> _What is required_
Produce word for word the lines of the data below running from the one that has "JM Posner Belgian" to the one that has "Pinguin Aufkleber Jayden Gift package Image", inclusive, and no others.

(Web page caption snippets)
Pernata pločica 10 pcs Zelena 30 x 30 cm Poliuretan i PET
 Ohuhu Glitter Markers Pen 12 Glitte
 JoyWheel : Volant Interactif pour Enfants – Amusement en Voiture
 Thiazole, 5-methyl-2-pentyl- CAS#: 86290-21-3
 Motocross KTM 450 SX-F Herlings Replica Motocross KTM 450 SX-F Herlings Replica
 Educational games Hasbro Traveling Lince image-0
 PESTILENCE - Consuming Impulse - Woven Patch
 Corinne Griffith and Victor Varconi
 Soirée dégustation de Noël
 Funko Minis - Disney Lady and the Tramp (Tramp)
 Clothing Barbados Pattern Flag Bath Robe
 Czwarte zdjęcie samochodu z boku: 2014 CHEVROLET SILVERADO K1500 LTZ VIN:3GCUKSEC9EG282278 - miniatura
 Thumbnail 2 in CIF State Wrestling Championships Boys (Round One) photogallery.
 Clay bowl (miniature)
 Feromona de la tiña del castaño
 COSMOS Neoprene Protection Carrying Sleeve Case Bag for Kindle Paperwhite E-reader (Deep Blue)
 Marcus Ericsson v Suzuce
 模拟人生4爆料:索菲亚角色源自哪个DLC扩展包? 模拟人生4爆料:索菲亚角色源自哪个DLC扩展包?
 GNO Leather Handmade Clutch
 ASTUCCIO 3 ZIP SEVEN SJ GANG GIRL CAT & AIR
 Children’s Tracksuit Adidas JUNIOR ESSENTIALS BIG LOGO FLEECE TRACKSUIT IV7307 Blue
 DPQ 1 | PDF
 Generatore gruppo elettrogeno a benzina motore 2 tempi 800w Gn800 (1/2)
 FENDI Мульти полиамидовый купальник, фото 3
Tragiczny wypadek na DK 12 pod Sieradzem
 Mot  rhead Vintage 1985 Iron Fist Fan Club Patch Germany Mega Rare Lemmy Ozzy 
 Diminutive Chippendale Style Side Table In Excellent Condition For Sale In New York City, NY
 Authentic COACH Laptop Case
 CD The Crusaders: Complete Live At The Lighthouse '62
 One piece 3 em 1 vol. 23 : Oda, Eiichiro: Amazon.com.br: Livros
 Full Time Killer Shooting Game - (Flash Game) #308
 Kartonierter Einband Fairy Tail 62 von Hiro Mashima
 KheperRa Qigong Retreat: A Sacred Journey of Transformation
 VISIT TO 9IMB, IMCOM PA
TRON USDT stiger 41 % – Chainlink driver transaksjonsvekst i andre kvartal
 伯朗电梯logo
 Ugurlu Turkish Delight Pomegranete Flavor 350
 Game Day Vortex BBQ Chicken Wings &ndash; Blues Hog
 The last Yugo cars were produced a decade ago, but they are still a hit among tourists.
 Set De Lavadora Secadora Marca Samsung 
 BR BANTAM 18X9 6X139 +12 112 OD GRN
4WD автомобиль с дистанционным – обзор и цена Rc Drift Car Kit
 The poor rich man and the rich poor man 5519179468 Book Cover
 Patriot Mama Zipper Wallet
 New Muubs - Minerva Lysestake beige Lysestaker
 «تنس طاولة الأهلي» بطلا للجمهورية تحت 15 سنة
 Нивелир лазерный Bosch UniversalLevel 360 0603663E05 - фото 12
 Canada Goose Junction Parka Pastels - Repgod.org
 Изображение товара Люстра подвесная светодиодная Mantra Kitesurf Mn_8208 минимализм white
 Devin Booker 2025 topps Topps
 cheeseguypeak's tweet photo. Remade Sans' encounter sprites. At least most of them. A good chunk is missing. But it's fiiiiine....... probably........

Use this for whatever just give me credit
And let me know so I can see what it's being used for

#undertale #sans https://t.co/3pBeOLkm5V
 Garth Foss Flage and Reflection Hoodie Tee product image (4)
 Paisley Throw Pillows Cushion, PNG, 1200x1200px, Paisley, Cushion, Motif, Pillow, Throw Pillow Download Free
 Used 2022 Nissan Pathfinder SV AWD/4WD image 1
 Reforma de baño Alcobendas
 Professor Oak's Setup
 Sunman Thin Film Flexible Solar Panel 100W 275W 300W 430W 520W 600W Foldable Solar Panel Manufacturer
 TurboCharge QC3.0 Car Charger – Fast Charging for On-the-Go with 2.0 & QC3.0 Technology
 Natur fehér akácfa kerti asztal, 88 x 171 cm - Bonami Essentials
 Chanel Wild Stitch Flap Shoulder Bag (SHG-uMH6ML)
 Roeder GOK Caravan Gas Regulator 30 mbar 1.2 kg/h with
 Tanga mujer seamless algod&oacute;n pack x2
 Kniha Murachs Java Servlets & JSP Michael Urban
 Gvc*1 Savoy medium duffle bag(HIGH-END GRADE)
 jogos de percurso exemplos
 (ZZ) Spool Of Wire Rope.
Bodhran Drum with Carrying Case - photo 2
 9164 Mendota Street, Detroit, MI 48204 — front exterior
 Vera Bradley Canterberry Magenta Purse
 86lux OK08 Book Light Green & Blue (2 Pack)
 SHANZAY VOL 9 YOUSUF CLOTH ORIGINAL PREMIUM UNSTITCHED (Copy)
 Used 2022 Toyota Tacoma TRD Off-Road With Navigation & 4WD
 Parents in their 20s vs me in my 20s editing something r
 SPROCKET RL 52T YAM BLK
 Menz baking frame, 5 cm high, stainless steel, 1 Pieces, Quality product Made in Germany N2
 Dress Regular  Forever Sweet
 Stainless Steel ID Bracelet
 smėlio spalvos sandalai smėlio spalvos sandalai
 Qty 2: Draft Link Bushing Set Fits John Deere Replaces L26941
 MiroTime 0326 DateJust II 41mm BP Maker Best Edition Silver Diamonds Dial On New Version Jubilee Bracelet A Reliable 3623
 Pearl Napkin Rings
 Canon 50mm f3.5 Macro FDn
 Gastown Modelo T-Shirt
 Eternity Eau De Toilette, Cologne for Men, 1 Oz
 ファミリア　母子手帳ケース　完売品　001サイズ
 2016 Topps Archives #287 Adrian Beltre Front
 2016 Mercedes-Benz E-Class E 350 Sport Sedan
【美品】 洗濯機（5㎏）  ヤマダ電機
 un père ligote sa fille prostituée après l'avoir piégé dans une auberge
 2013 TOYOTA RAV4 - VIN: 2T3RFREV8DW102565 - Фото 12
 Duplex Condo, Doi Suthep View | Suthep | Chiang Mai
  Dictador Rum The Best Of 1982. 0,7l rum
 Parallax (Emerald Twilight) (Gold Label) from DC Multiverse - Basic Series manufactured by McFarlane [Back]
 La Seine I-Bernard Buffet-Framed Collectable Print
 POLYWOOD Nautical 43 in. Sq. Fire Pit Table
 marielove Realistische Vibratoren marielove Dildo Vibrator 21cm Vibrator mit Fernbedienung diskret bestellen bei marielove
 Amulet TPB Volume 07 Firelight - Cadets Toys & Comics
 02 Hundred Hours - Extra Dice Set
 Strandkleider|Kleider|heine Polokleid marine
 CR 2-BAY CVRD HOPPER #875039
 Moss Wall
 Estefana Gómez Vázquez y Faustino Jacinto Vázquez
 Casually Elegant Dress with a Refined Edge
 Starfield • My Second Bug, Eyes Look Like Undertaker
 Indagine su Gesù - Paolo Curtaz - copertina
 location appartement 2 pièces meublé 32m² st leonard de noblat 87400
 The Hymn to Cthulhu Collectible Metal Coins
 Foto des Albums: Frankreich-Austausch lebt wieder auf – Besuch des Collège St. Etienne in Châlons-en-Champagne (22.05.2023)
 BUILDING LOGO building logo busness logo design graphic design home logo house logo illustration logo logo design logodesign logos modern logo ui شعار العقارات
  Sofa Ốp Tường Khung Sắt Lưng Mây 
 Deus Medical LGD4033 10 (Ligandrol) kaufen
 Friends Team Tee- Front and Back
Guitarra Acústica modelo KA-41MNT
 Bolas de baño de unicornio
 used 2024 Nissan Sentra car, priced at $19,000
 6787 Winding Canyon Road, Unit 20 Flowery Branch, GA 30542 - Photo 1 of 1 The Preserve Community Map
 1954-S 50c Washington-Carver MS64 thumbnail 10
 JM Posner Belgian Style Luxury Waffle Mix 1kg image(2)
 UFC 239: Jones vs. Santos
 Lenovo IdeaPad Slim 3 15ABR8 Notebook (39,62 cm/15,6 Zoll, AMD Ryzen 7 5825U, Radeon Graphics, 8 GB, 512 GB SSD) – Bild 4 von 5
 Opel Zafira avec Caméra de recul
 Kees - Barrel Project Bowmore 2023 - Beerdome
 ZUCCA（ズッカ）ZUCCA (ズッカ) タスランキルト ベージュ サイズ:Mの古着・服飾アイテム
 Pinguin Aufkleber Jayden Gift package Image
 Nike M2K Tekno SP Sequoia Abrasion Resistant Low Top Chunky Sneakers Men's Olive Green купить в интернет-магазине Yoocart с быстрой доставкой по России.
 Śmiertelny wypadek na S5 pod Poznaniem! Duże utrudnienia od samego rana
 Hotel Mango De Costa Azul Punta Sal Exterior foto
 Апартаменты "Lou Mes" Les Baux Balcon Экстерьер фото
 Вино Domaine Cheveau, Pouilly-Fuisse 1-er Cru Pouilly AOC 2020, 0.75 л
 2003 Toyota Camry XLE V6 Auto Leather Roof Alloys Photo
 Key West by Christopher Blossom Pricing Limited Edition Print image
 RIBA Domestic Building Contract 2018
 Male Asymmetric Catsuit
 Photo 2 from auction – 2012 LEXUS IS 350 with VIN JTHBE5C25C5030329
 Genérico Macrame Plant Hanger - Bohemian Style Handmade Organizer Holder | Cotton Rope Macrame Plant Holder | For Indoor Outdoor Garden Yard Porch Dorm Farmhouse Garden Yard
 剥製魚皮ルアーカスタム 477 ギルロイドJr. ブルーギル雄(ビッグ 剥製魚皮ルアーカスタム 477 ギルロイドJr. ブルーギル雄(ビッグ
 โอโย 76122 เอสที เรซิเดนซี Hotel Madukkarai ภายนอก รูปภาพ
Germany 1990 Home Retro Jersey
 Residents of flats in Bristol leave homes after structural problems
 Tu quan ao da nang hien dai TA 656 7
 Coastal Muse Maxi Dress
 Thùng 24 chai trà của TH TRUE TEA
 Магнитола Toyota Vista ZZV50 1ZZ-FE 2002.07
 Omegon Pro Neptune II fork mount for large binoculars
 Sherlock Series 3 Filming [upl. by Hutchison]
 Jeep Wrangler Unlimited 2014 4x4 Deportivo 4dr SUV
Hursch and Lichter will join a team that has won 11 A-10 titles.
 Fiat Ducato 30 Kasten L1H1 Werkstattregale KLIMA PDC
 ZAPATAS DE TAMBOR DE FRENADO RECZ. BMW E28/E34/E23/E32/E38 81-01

> _Exercise solution_
 JM Posner Belgian Style Luxury Waffle Mix 1kg image(2)
 UFC 239: Jones vs. Santos
 Lenovo IdeaPad Slim 3 15ABR8 Notebook (39,62 cm/15,6 Zoll, AMD Ryzen 7 5825U, Radeon Graphics, 8 GB, 512 GB SSD) – Bild 4 von 5
 Opel Zafira avec Caméra de recul
 Kees - Barrel Project Bowmore 2023 - Beerdome
 ZUCCA（ズッカ）ZUCCA (ズッカ) タスランキルト ベージュ サイズ:Mの古着・服飾アイテム
 Pinguin Aufkleber Jayden Gift package Image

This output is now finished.